TO DO:
The whole listing, apart from its images, should be restated word for word.

-- RECORDED DATA follows --

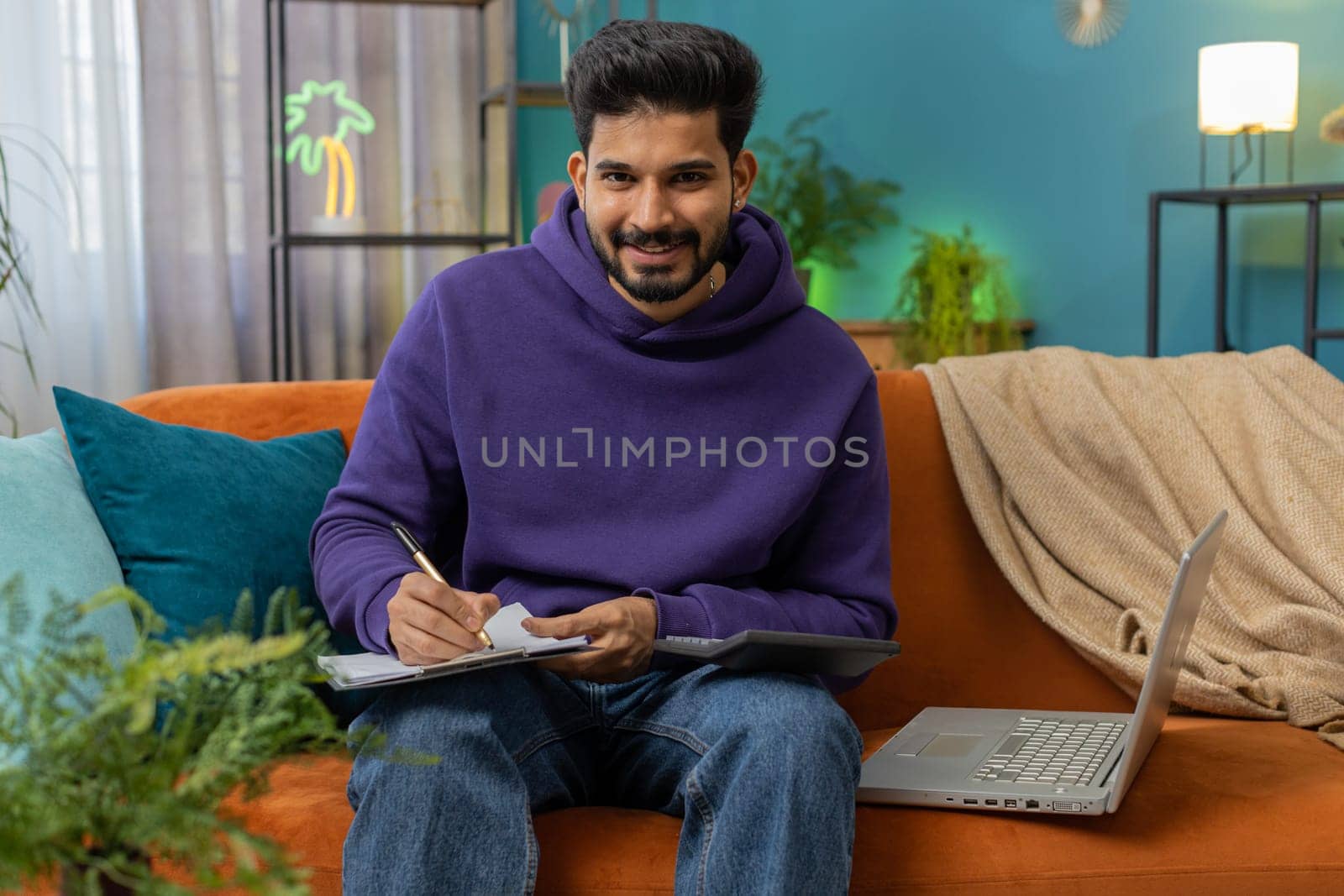 Indian man freelancer work with documents on home couch, reading information, business papers prepare financial report on laptop. Young hindu guy accountant analyzing graph documents, calculate taxes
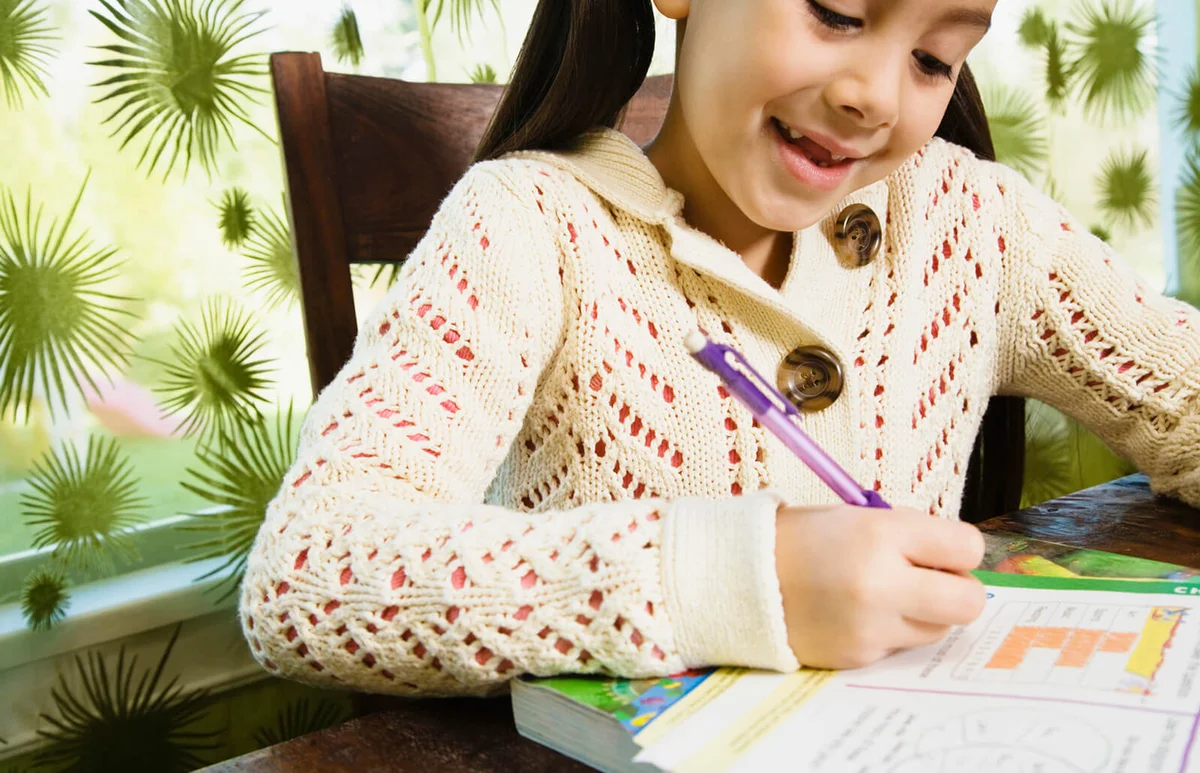 girl working on a word puzzle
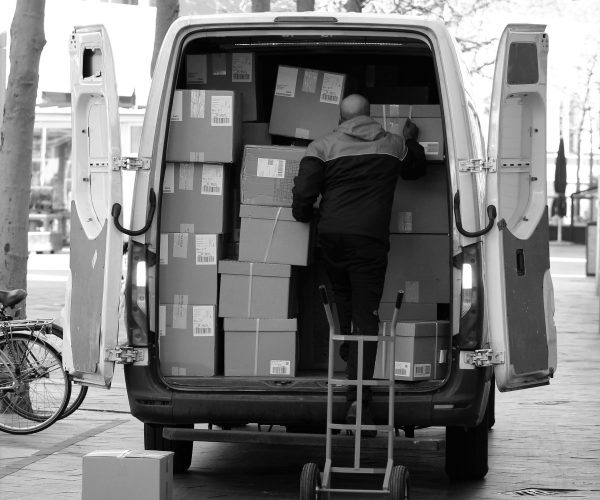 Monochrome image of a man loading packages into a van outdoors in the Netherlands.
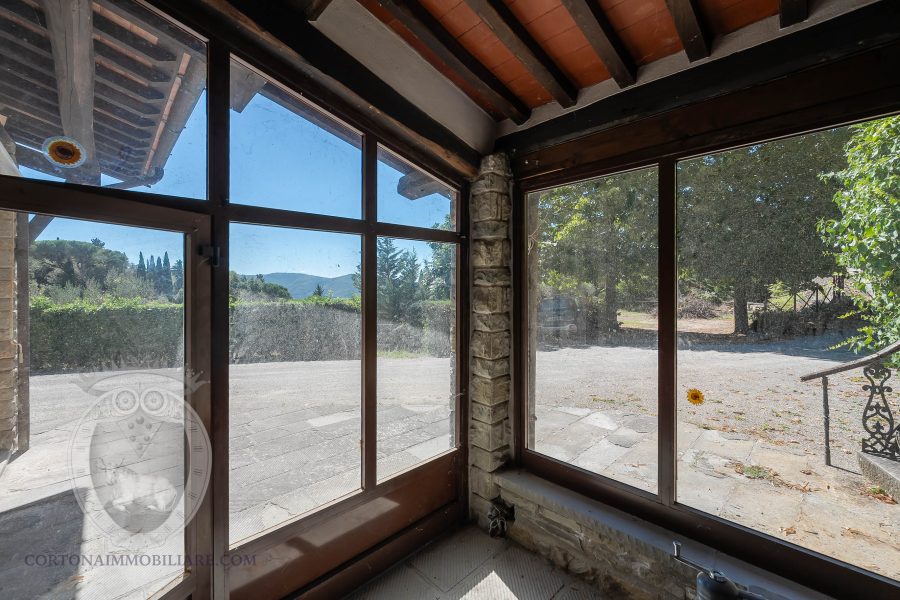 Farmhouse with view, land and outbuildings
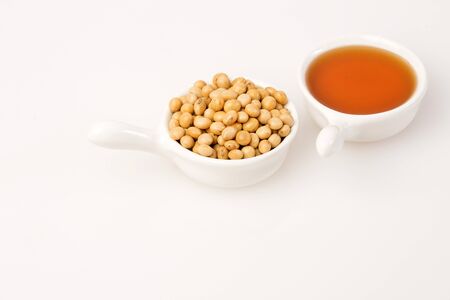 Oil and soybeans - Glycine max. White backgroundの写真素材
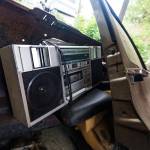 A boombox, in relatively good condition, is found wedged between the bare interior of a bus and two separated car doors. Photo by Caean Couto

-- RECORDED DATA concluded --

EXERCISE RESPONSE:
 Indian man freelancer work with documents on home couch, reading information, business papers prepare financial report on laptop. Young hindu guy accountant analyzing graph documents, calculate taxes
 girl working on a word puzzle
 Monochrome image of a man loading packages into a van outdoors in the Netherlands.
 Farmhouse with view, land and outbuildings
 Oil and soybeans - Glycine max. White backgroundの写真素材
 A boombox, in relatively good condition, is found wedged between the bare interior of a bus and two separated car doors. Photo by Caean Couto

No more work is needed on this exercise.